We show return as measured by cumulative undiscounted reward for each episode, over the entire learning process (Figure 4) and only over the testing episodes (Figure 5). We observe the agents learn quickly reaching maximal return of approximately 0.6, after the 1250th episode, approximately. Again, considering we plot cumulative reward, averaged over the runs, and considering our environment only returns +1 rewards when reaching the goal and 0 otherwise, this is analogous to the probability of reaching the goal. Expected Sarsa performs slightly better than Sarsa as expected (Expected Sarsa trades computation time for slightly better results compared with Sarsa). Variance is however relatively high and does not seem to reduce much as the experiment continues. We concluded this being the result of our highly stochastic environment, and of our sample size, limited to 10 runs.

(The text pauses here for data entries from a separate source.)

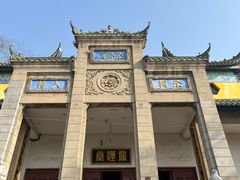 -宝通禅寺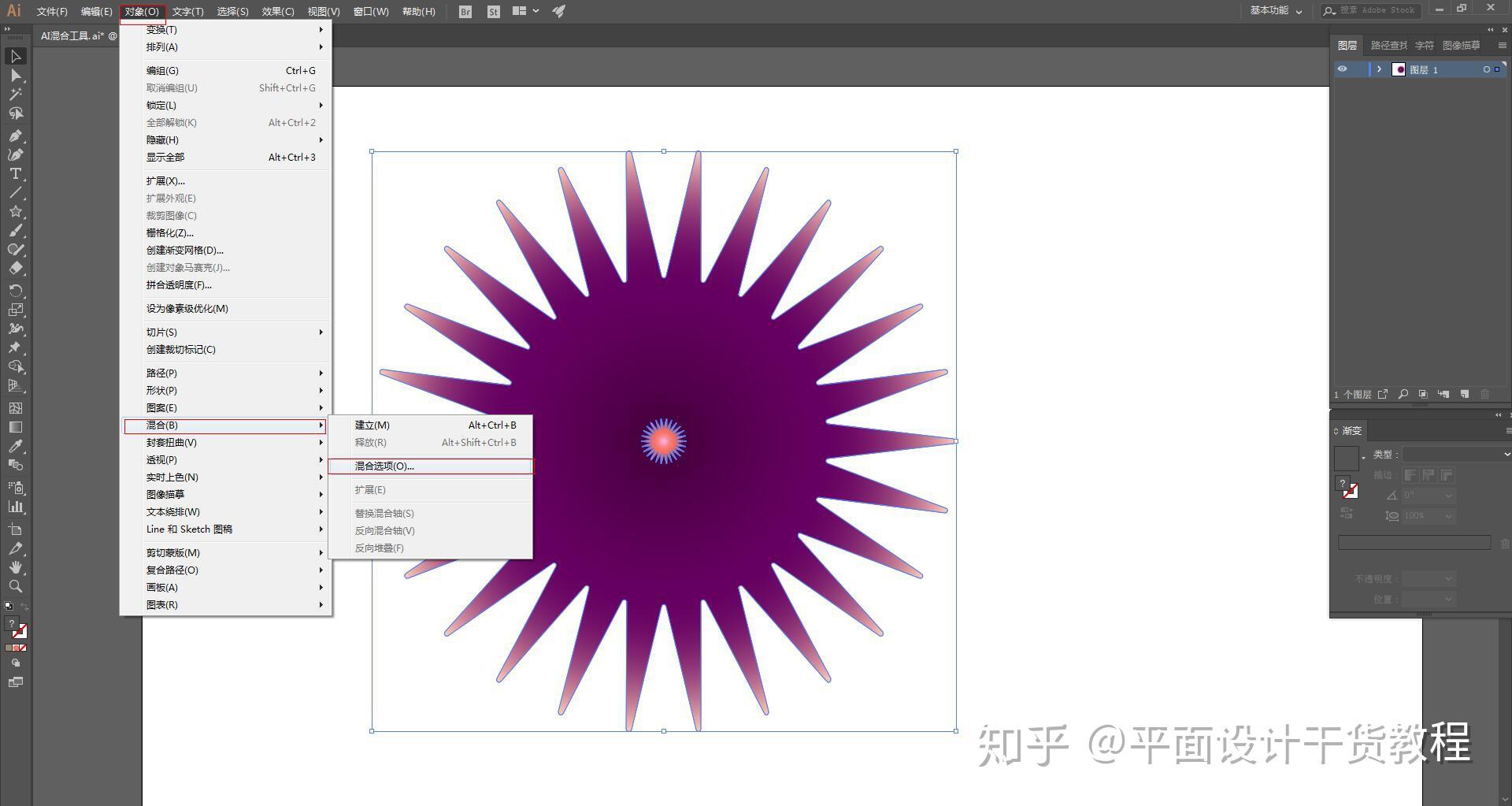 混合工具ai怎么用文字_ai混合工具_混合工具ai怎么用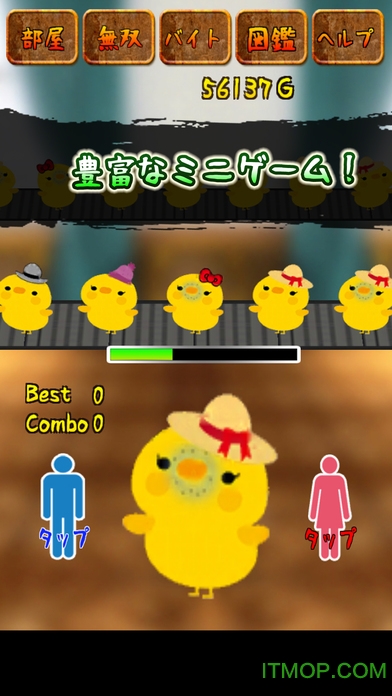 老奶奶无双中文内购破解版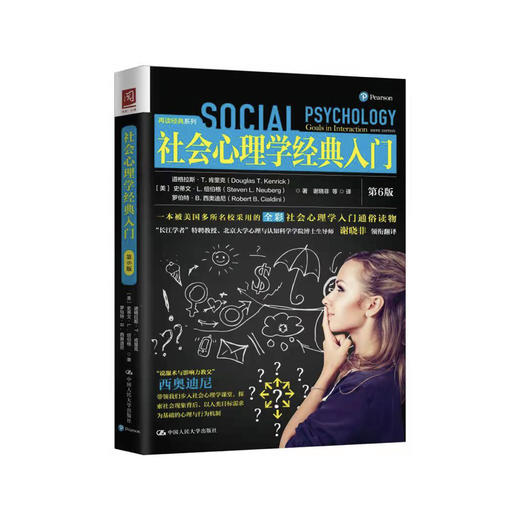 《社会心理学经典入门》（第6版） 商品图0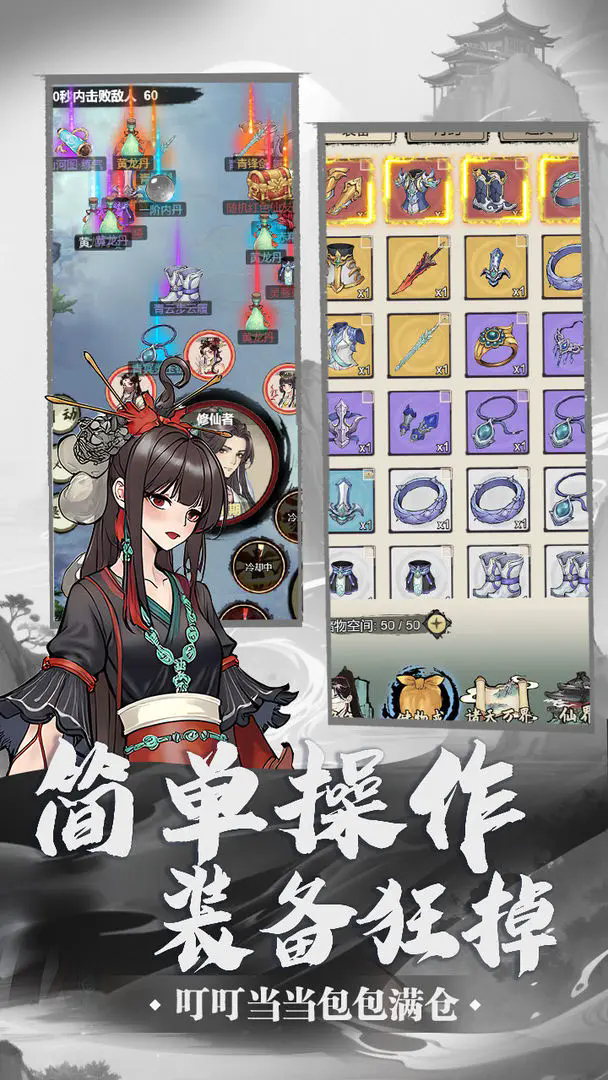 刷尽长生箓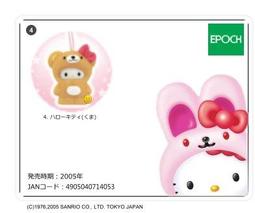 HELLO KITTY裝扮梳妝玩具組家家酒玩具 143603 【小品館】 歷史價格詳細信息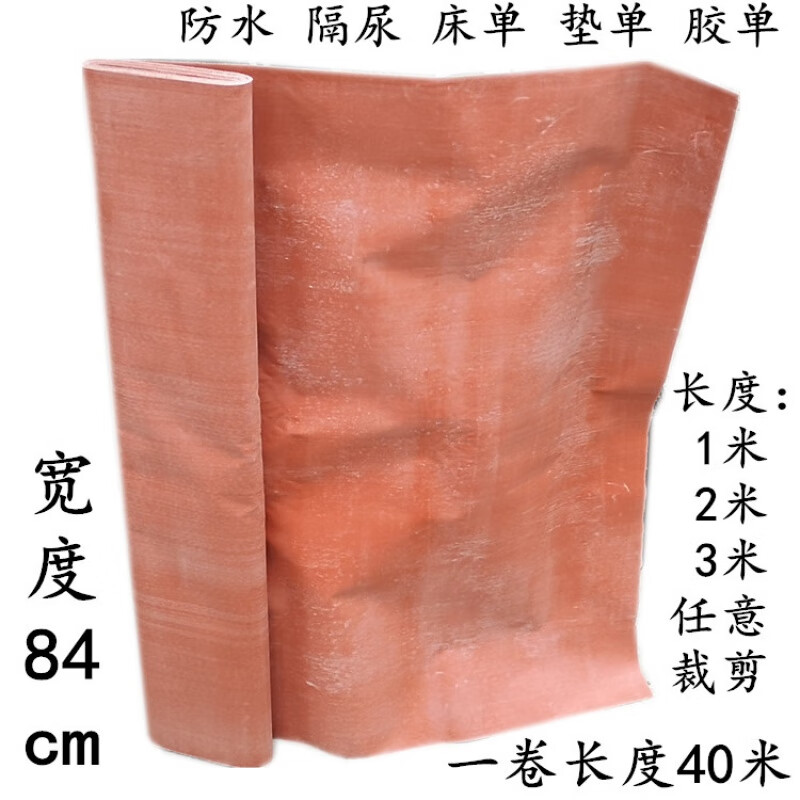 橡胶布橡胶中单防水中单橡皮布隔尿单防水垫单胶单柔软老人婴 宽 100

## 5.&nbsp;Question 2: Function approximation in RL

Implement and compare empirically Q-learning and actor-critic with linear function approximation on the cart-pole domain from the Gym environment suite:

https://gymnasium.farama.org/environments/classic_control/cart_pole/

For this experiment, you should use a function approximator in which you discretize the state
variables into 10 bins each; weights start initialized randomly between $−0.001$ and $0.001$. You will need to use the same seed for this initialization for all parameters settings, but will have 10 different seeds (for the different runs). Use 3 settings of the learning rate parameter $\alpha$ = 1/4,1/8,1/16. Perform 10 independent runs, each of 1000 episodes. Each episode should start at a random initial state. The exploration policy should be $\epsilon$-greedy and you should use 3 values of $\epsilon$ of your choice.
Plot for each algorithm 3 graphs, one for each $\epsilon$, containing the average and standard error of the learning curves for each value of $\alpha$ (each graph will have 3 curves). Make sure all graphs are on the same scale. Based on these graphs, pick what you consider the best parameter choice for both $\epsilon$ and $\alpha$ and show the best learning curve for Q-learning and actor-critic on the same graph. Write a small report that describes your experiment, your choices of parameters, and the conclusions you draw from this experimentation.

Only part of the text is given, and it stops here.